Not much information about this species' ecology has been published aside the paper released when it was described as a subspecies in 1997. The Apo sunbird is better studied and it is highly likely to have the same breeding habits. Apo sunbirds have been recorded breeding in January to July. Its nest was described as built of moss, spider eggs and insect cases.

== Habitat and conservation status ==
The Apo sunbird is a bird local to the island of Mindanao in the Philippines. It can be found in mountainous areas in the southern parts of the island on Mount Matutum and Mount Busa in the provinces of South Cotabato and Sarangani Its natural habitat is in montane rainforest above 800 meters above sea leve which is significantly lower than the boltoni and malindangensis Apo sunbirds which are found above 1,500 meters above sea level.

The Tboli sunbird has not yet been recognized as its own species by the International Union for Conservation of Nature. The Apo sunbird is listed as least concern but was formerly near threatened. Despite its limited range, it is said to be locally common.

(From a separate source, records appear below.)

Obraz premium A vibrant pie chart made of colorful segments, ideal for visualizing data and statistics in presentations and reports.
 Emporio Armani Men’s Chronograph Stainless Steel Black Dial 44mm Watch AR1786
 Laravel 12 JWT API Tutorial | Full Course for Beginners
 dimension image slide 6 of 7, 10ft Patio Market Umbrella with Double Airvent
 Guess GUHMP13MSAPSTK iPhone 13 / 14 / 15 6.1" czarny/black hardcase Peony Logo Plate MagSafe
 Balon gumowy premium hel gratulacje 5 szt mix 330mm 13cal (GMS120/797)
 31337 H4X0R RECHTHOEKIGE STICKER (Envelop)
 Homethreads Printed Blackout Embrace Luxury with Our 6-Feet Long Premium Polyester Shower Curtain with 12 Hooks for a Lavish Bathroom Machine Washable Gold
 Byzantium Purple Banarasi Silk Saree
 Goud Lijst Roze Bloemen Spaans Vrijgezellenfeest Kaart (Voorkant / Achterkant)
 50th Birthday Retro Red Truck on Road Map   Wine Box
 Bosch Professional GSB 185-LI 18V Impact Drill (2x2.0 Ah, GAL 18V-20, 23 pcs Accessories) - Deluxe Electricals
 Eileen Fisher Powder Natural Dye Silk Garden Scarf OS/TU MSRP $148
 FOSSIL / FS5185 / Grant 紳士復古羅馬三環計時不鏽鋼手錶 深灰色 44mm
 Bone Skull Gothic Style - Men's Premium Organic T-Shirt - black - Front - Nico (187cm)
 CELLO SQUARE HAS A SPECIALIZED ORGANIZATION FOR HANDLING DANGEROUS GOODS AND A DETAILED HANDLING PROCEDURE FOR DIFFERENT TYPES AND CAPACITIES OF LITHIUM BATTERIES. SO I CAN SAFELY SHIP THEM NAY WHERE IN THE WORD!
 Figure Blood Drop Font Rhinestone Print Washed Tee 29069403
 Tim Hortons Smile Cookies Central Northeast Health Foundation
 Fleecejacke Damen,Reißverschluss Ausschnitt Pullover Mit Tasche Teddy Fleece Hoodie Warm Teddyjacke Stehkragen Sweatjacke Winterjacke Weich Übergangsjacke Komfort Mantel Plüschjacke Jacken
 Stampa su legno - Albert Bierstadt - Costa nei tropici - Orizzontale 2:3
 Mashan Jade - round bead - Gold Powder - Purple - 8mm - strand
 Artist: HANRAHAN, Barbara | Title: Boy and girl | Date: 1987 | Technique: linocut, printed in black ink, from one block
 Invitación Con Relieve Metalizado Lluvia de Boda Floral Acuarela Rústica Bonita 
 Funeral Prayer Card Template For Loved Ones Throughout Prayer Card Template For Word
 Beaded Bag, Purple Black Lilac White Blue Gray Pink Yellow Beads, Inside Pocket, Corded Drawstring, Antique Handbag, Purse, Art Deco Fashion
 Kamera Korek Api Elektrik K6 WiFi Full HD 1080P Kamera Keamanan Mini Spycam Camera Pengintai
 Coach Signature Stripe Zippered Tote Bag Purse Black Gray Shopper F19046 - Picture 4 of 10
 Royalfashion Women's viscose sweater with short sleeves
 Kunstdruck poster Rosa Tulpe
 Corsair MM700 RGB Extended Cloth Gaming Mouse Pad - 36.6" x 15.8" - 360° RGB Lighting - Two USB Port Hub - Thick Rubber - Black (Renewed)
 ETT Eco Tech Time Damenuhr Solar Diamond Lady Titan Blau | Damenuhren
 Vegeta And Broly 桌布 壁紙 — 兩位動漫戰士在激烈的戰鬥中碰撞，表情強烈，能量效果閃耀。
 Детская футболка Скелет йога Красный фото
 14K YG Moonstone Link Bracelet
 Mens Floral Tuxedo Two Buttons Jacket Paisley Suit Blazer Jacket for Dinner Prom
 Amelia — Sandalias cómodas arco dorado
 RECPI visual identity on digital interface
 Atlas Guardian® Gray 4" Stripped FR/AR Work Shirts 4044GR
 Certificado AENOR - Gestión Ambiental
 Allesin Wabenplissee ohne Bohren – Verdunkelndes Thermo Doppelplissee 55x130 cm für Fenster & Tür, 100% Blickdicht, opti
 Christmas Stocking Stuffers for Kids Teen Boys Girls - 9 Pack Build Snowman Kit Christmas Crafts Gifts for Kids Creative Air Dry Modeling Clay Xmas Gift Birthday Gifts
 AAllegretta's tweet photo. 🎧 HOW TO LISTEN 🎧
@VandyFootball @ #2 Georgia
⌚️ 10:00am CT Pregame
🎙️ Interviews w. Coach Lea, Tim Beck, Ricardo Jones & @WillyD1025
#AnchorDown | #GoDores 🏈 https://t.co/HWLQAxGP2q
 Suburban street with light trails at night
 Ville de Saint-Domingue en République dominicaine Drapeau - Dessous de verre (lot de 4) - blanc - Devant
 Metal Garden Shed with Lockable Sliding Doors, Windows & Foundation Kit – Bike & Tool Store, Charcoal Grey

As it occurs in rugged and inaccessible mountains, this has allowed a large portion of its habitat to remain intact. However, there it is still affected by habitat loss through deforestation, mining, land conversion and slash-and-burn - just not to the same extent as lowland forest. It is found in the protected areas of Lake Holon and Mount Matutum but actual protection from deforestation is still lax.